7 thoughts on “Scientific computing in Python”
I think Python caught on because it is (a) easily extensible with C (and FORTRAN!) and (b) Python is easy to read.
Tcl was the extension language of choice a while back. At the time, Tcl didn’t have the loadable library capabilities like Python did. Why wasn’t NumPy instead NumTcl? Would be an interesting question to ask Mr. Oliphant.
Perl is a beautiful language but can be hard to read. Python is not as elegant but has a much more shallow learning curve and is much easier to read.
Was there popular scripting language at the time Numerical Python was started? Ruby?
I believe I have read your rationale for using Python “I’d rather do mathematics in a general programming language than do general programming in a mathematical language” before. As a statement of preference order [(generality, math ability) > (math ability, generality)], there’s not much to debate. However, I have faced the same dilemma before (when choosing between R and Python, mostly), and have come to the opposite conclusion. My reasoning is that, in choosing a language, I look at my most binding constraint and the benefit resulting from relaxing it (i.e., its shadow price). The binding constraint for R may be generality, or flexibility of the language, with more general-purpose packages. How much would I benefit from a more flexible language? Not much at all, since I usually deploy packages to a few users, or Shiny apps for the same user base, and R is just fine for this. If anything, R’s speed is more of an issue. For Python, the binding constraint is the lack of very specialized and well-tested libraries, and the lower integration of data-friendly constructs in the language How much are they binding? In some (many) cases, a lot, since statistical analysis takes most of my time, and developing libraries would be very time-consuming. Still in some case I prefer Python because of the speed afforded by Numba and Pypy. But if speed and language generality were my main concerns, I would be coding neither in R nor in Python. This suggests that there’s an interplay between language versatility and its specific strength, and that your dichotomy doesn’t quite capture it.
So I am not so sold on the “generality” argument. But maybe it’s because I am not being general enough.
We use Python a lot. It’s become the de-facto common scripting language in my field (coputational neuroscience), and as you say, the numerical and scientific libraries are great.
I think it’s fair to say that at least in science, people are really using Scipy, Pandas, Sage, NEST, PyNN, Brian and so on. Python the language is just along for the ride. It could just as easily have been Ruby, Perl or whatever (and I don’t, personally, think Python was the best choice).
That, I believe, is a major reason the take-up of Python 3 is so slow: Many Python users don’t actually care about Python, and don’t see a point in having to relearn things that work fine for them already. If the language itself doesn’t matter, it’s just a pure waste of time to learn new idioms and to update all your existing code to be compatible.
I think that the dominance of Python is largely due to lucky timing on its part.

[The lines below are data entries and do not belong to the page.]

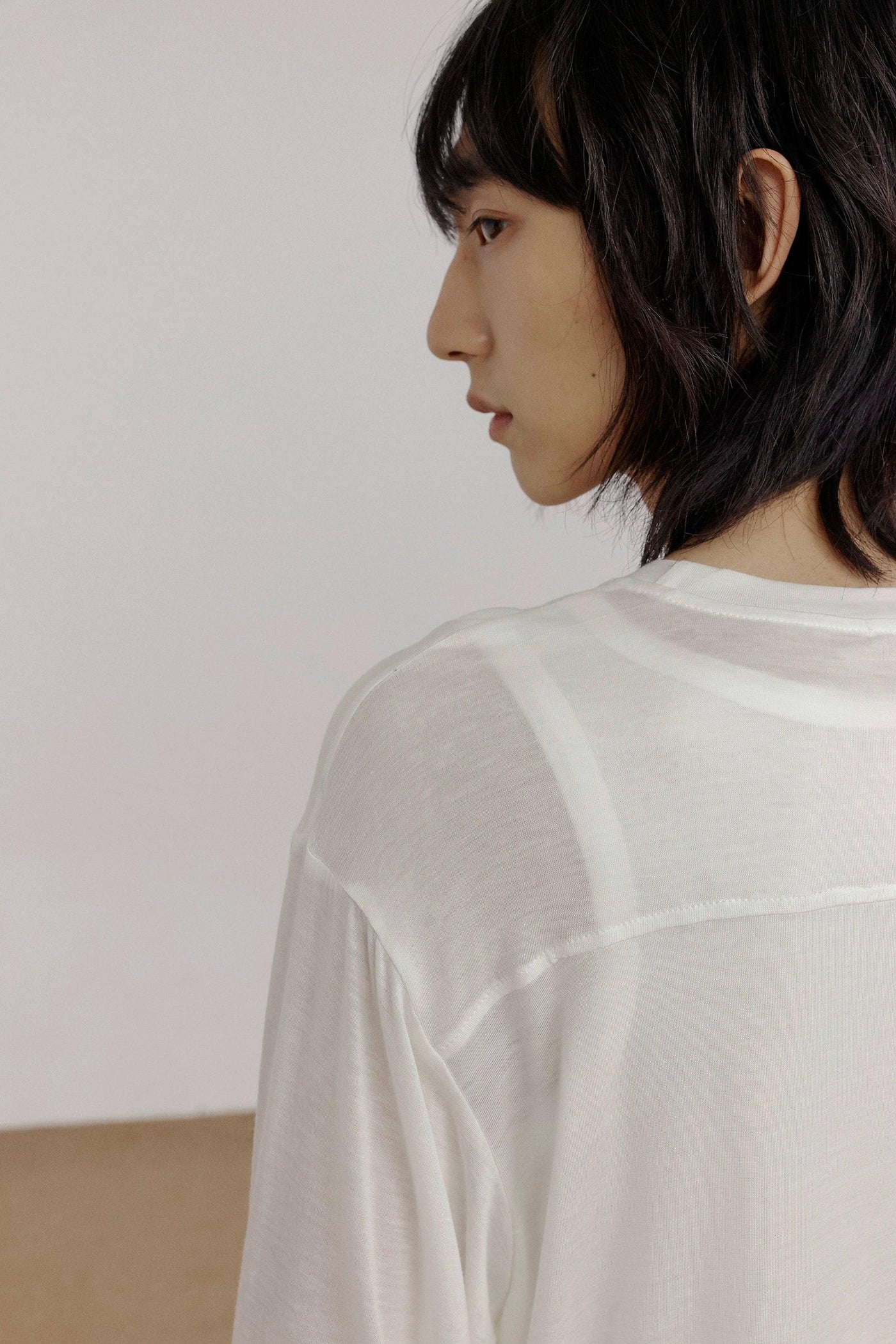 Zhou Sheer Knitted Long Sleeve T-Shirt-korean-fashion-T-Shirt-Zhou's Closet-OH Garments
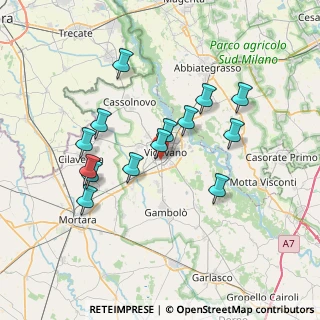 Mappa Via V. Russo, 27029 Vigevano PV, Italia (6.67071)
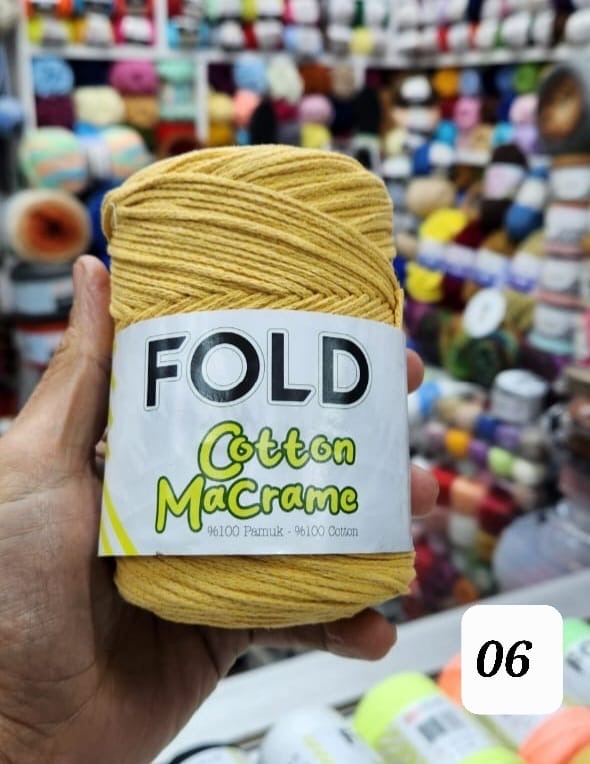 Fold Cotton Macrame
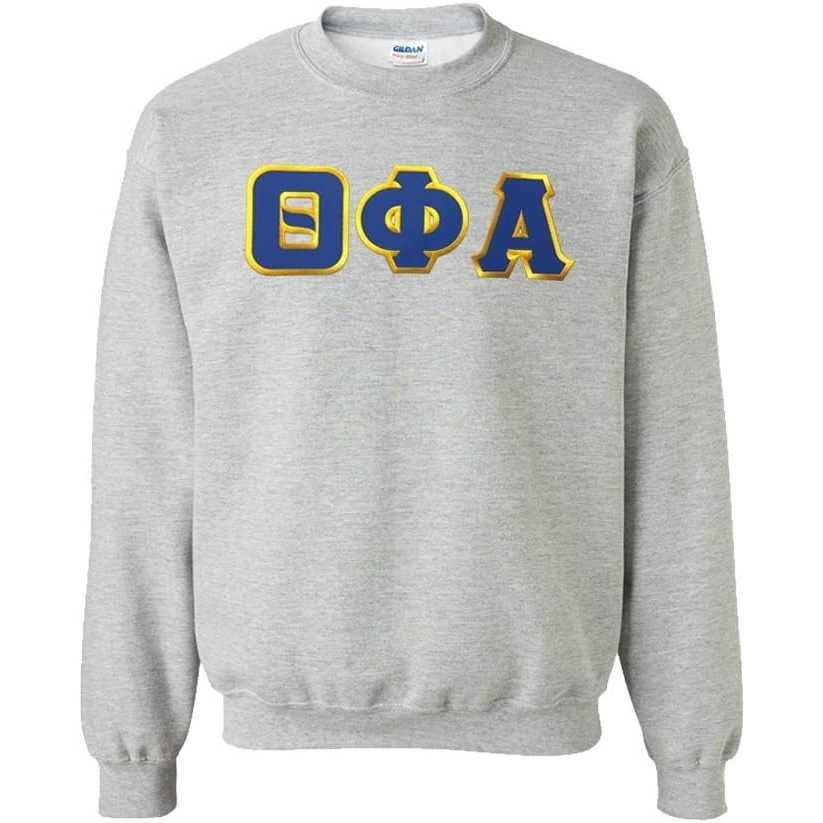 image:imageGreekgear Theta Phi Alpha Lettered CrewneckSports Grey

Python came along to unify the simple programming style of web languages such as PHP at a time when personal computers were finally capable of running a heavy-duty scripting language for bigger problems. Actually, my personal view is that the switch of Red Hat to using Python for all OS scripting was probably the biggest boon to the Python community; this led to an explosion in good developers in the language which led to the increase in libraries. The scientists just followed along because they didn’t like programming in C and Fortran anymore. Some of the better programmers may have chosen R and other languages, but those looking for quick scriptability were drawn to Python (let’s face it R has a terribly inconsistent programming syntax).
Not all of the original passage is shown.